The first European to consume chocolate was probably Columbus on his fourth trip, in 1502, anchored off the Central American shore. He was unimpressed. Cortés, in 1519, recognized that the Aztec drink, said to have aphrodisiac powers, would be a hip New World import, and brought it back. Chocolate remained a Spanish exclusive until Florentine voyager Antonio Carletti broke the monopoly in the early seventeenth century, when he described the cocoa-making process to the Duke of Tuscany. Chocolate was soon being downed in the same public houses in Florence, Turin, and Venice where coffee, another exotic newcomer, was already the rage.
And it still is. Hot chocolate in Italy is different from the stuff I grew up drinking, that kiddie drink made from milk (if you're lucky) and a powder, topped with a melty marshmallow. Today's Italian version is dark-chocolately, dense (often thickened with a little cornstarch), and topped with unsweetened whipped cream. I looked for a recipe in all my regional cookbooks without success. Then I checked Pellegrino Artusi's Culinary Science and the Art of Eating Well.

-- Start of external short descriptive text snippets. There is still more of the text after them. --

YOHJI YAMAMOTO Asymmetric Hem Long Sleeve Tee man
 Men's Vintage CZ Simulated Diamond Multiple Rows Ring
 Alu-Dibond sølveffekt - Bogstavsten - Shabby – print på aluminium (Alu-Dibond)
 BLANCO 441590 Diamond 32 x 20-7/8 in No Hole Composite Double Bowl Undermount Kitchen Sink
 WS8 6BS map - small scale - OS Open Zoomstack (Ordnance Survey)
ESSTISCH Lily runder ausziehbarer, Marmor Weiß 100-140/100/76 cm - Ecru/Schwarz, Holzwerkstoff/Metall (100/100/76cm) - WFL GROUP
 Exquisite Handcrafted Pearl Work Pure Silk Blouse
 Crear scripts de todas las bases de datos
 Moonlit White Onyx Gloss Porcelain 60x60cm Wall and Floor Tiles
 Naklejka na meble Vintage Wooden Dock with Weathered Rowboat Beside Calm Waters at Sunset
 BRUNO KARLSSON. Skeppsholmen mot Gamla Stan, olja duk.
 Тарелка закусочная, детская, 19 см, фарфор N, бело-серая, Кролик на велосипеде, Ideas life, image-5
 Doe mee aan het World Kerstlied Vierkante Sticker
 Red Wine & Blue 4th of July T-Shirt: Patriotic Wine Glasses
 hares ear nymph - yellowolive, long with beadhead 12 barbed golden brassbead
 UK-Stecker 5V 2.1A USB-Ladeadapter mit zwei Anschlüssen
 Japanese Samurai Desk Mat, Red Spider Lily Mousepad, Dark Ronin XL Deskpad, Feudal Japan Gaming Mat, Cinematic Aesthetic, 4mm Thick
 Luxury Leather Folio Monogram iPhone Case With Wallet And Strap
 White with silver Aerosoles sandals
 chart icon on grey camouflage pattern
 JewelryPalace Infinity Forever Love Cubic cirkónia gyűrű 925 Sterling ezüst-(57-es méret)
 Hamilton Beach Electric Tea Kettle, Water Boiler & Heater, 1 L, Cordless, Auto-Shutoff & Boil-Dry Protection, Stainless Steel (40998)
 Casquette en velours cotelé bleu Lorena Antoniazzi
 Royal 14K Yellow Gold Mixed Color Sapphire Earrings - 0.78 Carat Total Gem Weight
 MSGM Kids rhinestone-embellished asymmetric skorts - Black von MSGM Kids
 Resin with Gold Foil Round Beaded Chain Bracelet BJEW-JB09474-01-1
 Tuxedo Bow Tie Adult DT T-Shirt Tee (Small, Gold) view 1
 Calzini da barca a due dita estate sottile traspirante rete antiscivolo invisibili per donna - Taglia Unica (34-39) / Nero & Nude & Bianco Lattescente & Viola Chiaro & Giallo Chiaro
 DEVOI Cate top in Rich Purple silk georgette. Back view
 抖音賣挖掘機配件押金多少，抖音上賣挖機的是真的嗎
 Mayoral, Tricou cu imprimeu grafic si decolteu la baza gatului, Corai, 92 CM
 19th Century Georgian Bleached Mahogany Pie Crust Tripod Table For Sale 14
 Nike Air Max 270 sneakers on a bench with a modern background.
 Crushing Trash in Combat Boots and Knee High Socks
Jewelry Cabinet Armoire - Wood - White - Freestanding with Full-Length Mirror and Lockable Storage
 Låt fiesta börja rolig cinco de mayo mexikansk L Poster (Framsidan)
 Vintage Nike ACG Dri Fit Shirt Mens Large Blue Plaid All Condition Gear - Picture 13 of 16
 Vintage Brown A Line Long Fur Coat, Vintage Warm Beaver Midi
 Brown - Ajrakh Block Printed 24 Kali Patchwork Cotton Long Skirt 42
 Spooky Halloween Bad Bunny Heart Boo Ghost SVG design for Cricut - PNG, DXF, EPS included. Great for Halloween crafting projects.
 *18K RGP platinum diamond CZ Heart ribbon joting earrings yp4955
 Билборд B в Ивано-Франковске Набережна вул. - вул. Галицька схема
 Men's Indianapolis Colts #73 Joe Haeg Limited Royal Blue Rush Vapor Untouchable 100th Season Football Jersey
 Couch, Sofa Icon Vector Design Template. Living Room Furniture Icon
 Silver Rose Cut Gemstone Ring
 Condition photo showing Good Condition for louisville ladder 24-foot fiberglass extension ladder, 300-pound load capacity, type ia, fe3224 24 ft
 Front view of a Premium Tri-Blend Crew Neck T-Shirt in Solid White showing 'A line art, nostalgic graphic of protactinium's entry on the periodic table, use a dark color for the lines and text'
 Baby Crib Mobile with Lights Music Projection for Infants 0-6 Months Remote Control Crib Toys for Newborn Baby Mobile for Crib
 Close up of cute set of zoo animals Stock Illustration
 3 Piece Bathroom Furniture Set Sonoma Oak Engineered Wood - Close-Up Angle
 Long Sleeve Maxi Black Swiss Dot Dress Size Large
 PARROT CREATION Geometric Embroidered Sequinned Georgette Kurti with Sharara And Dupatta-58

First published in 1891, a perennial best-seller in more than one hundred editions, Artusi's classic is the Italian Fanny Farmer. My copy of the fifteenth edition (1911) has an entry about hot chocolate. Artusi defends its previous omission, saying that almost everyone knows how to make "chocolate to drink," and then he provides a recipe.
Artusi's hot chocolate is still fantastic, easy, and the best I've ever made. He calls for a special Italian utensil, the cioccolatiera. It's essentially a double boiler, so I use one of those instead. I also recommend a blender or immersion mixer in place of Artusi's whisk. Of course, he and I agree that you should use the finest quality chocolate (I use bittersweet bars from Slitti - but that may be out of the way!). In a pinch the supermarket stuff will do. The result is low sugar, if not low fat - a treat for chocolate lovers of any age.
ARTUSI-INSPIRED HOT CHOCOLATE
3 ounces bittersweet chocolate (use the finest quality available)
1 cup water
2-3 tablespoons unsweetened whipped cream
In the top of a double boiler over boiling water melt 3 ounces of bittersweet chocolate in 1 cup of water. Pour into a blender and whip for 30 seconds (or use an emersion mixer). Return mixture to double boiler and heat to desired temperature. Pour into a large cup and top with whipped cream.